:: Task statement ::
The answer must be every line from the entries below that contains "qspictures".

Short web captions
★ ★ ★ ★

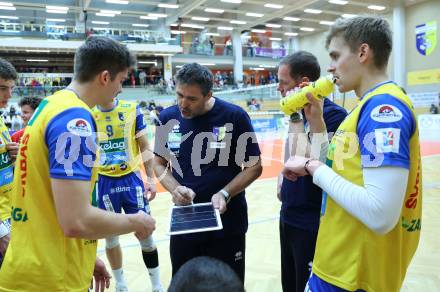 Volleyball Bundesliga. AVL. Austrian Volleyball League.   (Aich/Dob) gegen Waldviertel. Zigurds Janis Licis, Trainer Matjaz Hafner, Jiri Srb    (Aich/Dob). Bleiburg, am 5.11.2025.
Foto: Kuess
www.qspictures.net
---
pressefotos, pressefotografie, kuess, qs, qspictures, sport, bild, bilder, bilddatenbank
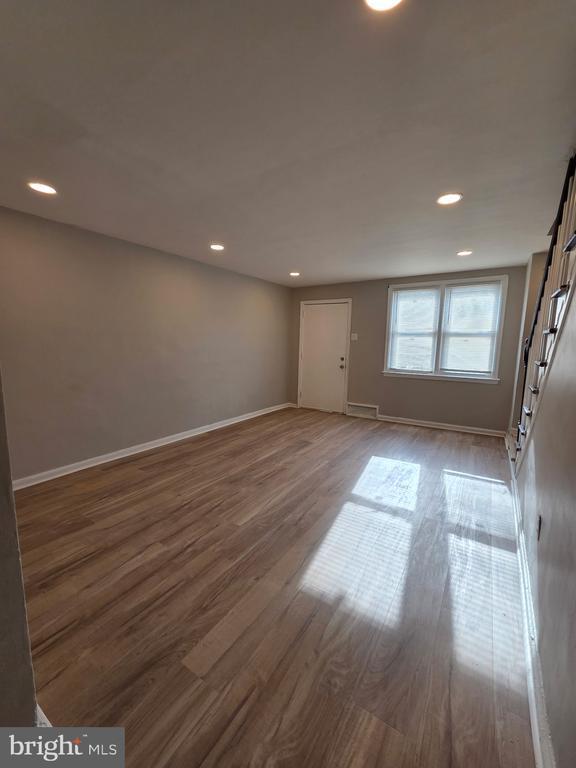 Photo - 203 Spring Valley Rd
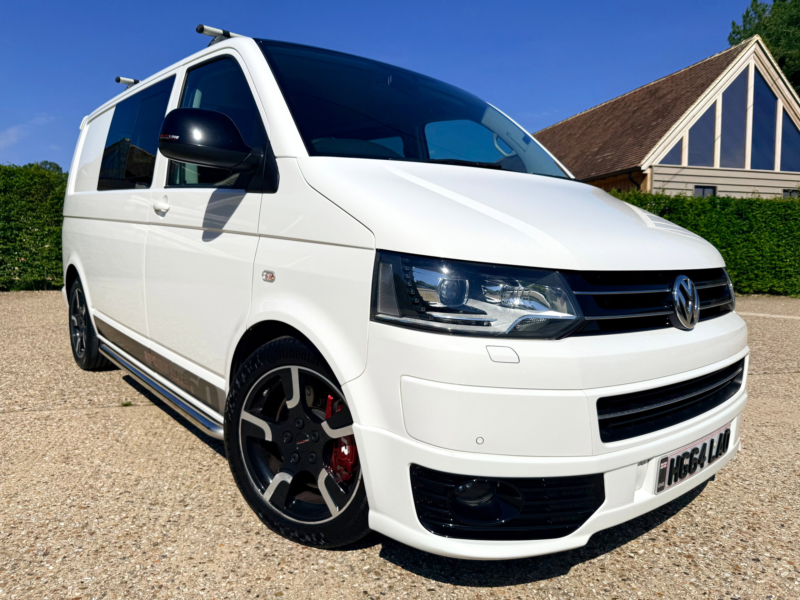 2015 Volkswagen Transporter Sportline 2.0 Bitdi Sportline 60th Anniversary Special Edition T32 Kombi 4dr Diesel Manual L1 H1 (205 G/km, 178 Bhp) in White — image 1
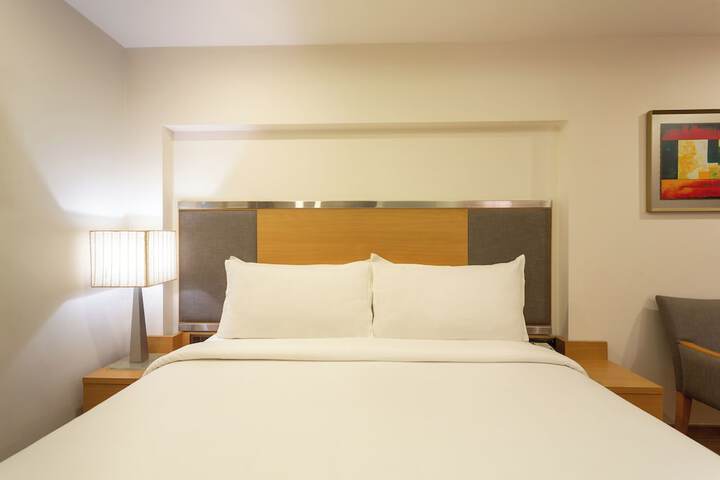 Room 10 of 35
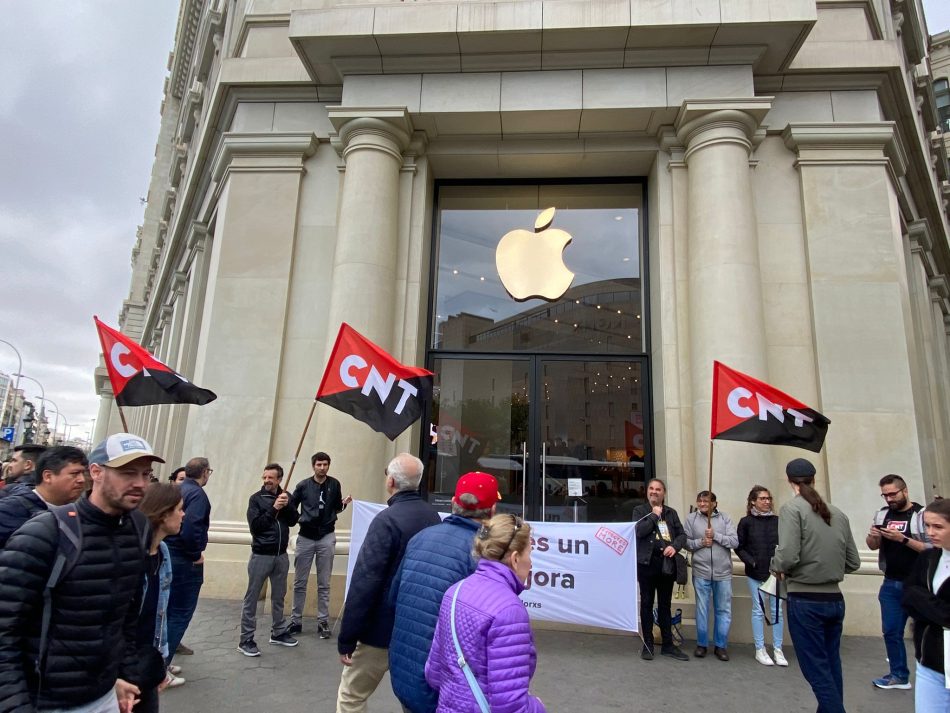 CNT convoca huelga en Apple Passeig de Gràcia 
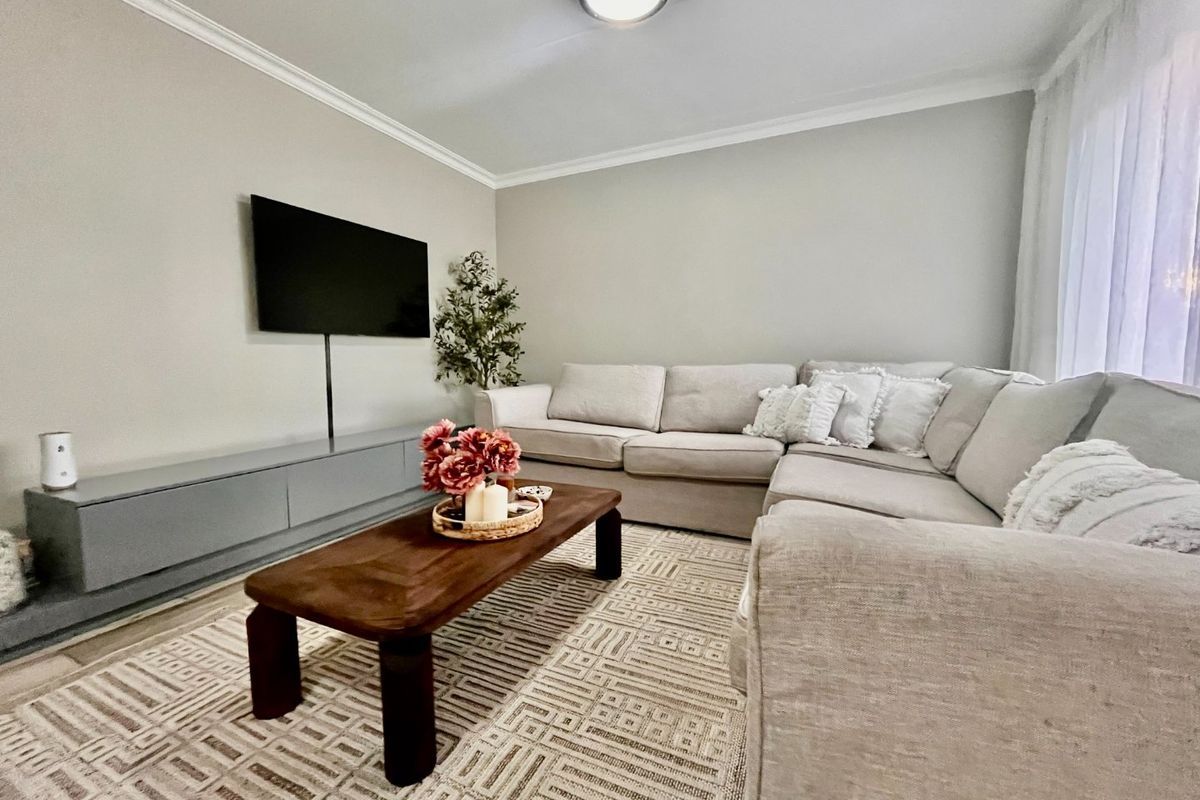 Modern 2 Bedroom Apartment with Spacious Balcony in Umthunzi Valley, Carlswald - Photo 3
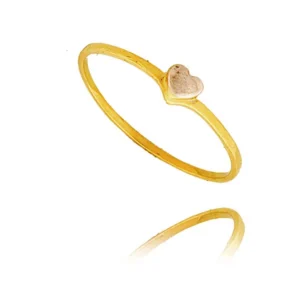 Ponadczasowy pierścionek o luksusowym wyglądzie.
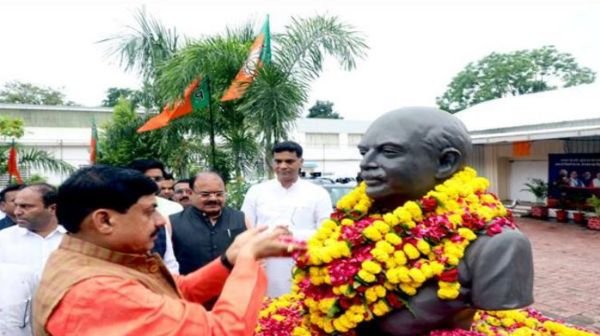 Chief Minister Dr. Yadav paid tribute to Dr. Shyama Prasad Mukherjee by garlanding his statue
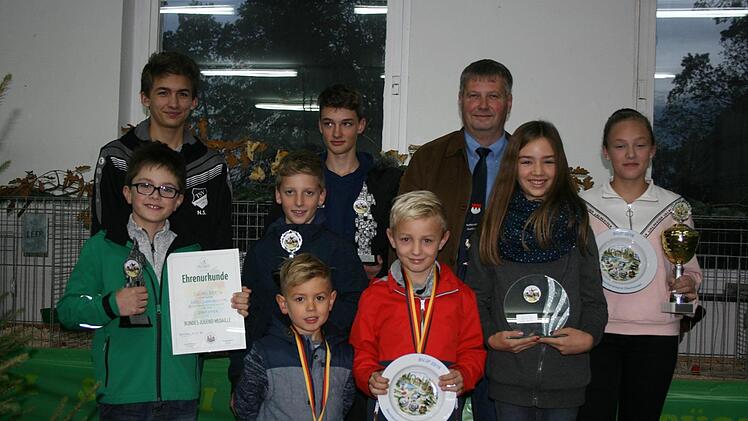 Diese jungen Z&uuml;chter freuten sich bei der Kreisschau in Reitsch &uuml;ber Pokale und Medaillen f&uuml;r ihre tollen Zuchterfolge. Mit im Bild Kreisjugendleiter Rainer BauerMaria L&ouml;ffler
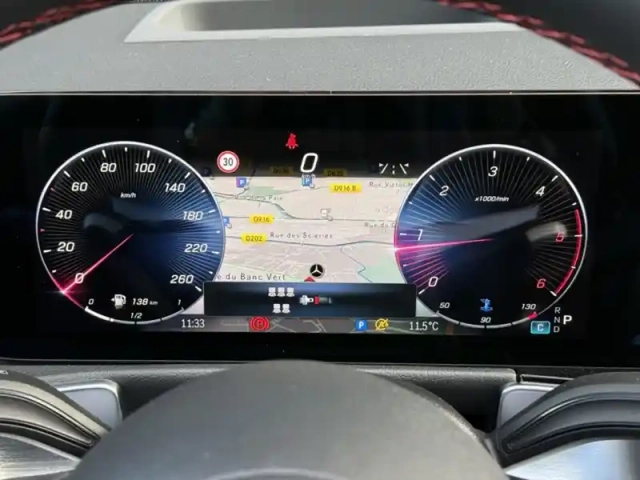 Mercedes Glb 200 d amg line — photo 71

★ ★ ★ ★

:: Your solution ::
www.qspictures.net
pressefotos, pressefotografie, kuess, qs, qspictures, sport, bild, bilder, bilddatenbank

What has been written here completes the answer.